I recall first hearing about the Process Church of the Final Judgement, or The Process Church, when I became aware of the music of Sabbath Assembly, who, at their inception, formed to play the hymns of the Process Church (they have since moved on to write and perform their own, original music.)

An “Apocalyptic religious sect in the 1960s”, The Process Church, from what I can glean, was a movement started by two former Scientologists who ascribed to the theory that people were divided into four types based on the four god forces (Jehovans, Satanists, Luciferians, and Christ, the unifier.) Each was an extreme, and the idea was to discover which path suited you and to follow it whole-heartedly. The Process Church appealed to the tensions of the time, and the mystical communalism of the cult “...drew in refugees from suburban lawns”.

William Sims Bainbridge’s Revival: Resurrecting the Process Church of the Final Judgement is a fictional account revolving around the main character, Robert Anson, perhaps the dorkiest character that has ever been committed to paper in the history of the world, discovering that a dear old friend has been murdered. When his friend’s uploaded AI is delivered to him at his office in the form of four mysterious metal canisters, what follows is a fictional restoration of the controversial group when Anson realizes that his dead pal was actually some sort of Process Church guru, and in attempting to get to the bottom of things, he begins to investigate the Church along with his sort of ex-girlfriend Cora and their equally dorky sociologist friends.
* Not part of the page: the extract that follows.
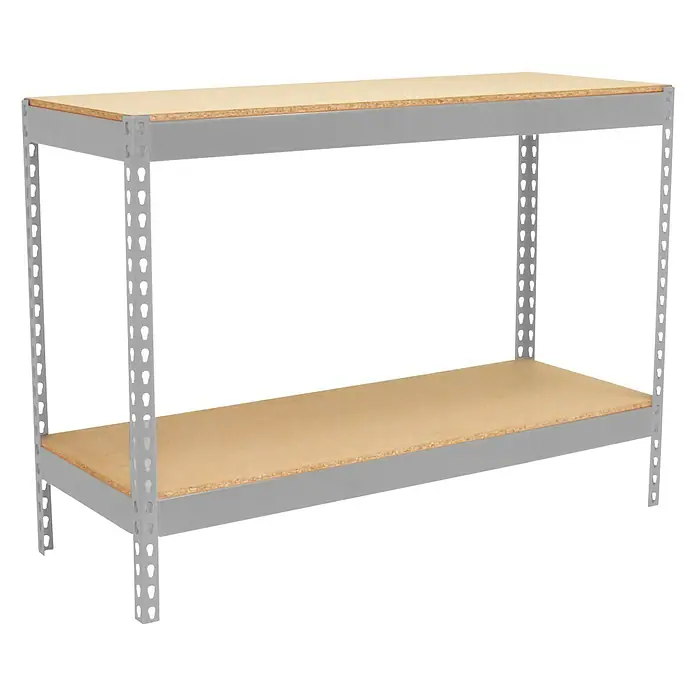 Simonrack Simonwork Werkbank Basic 2 - L x B: 60 x 120 cm, Arbeitshöhe: 90 cm, Belastbarkeit: 1.200 kg, Silber - Abbildung eines grauen Metallregals mit zwei Spanplattenböden vor einem schwarzen Hintergrund. Praktische Aufbewahrungslösung.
This is such a strange, sincere little book which incorporates its facts in never-ending explanatory asides, and tosses around its ideas in the form of stilted academic road trip discussions and cumbersome conversations over late night Chinese food delivery (this book spends a weird amount of time on food and menus.)

Almost everyone in this little group of investigators seems to be on the spectrum of severe social awkwardness and the dialogue begins to become beyond cringe-worthy the further along you read. And hey, I’m no social superstar, so I am pretty sure I know these things when I see them. However, it did answer a lot of questions that I had about the Process Church and its beliefs, along with providing me a template of how to never act at dinner parties if I don’t want to be outed as an insufferable bore, so the book was not entirely without value.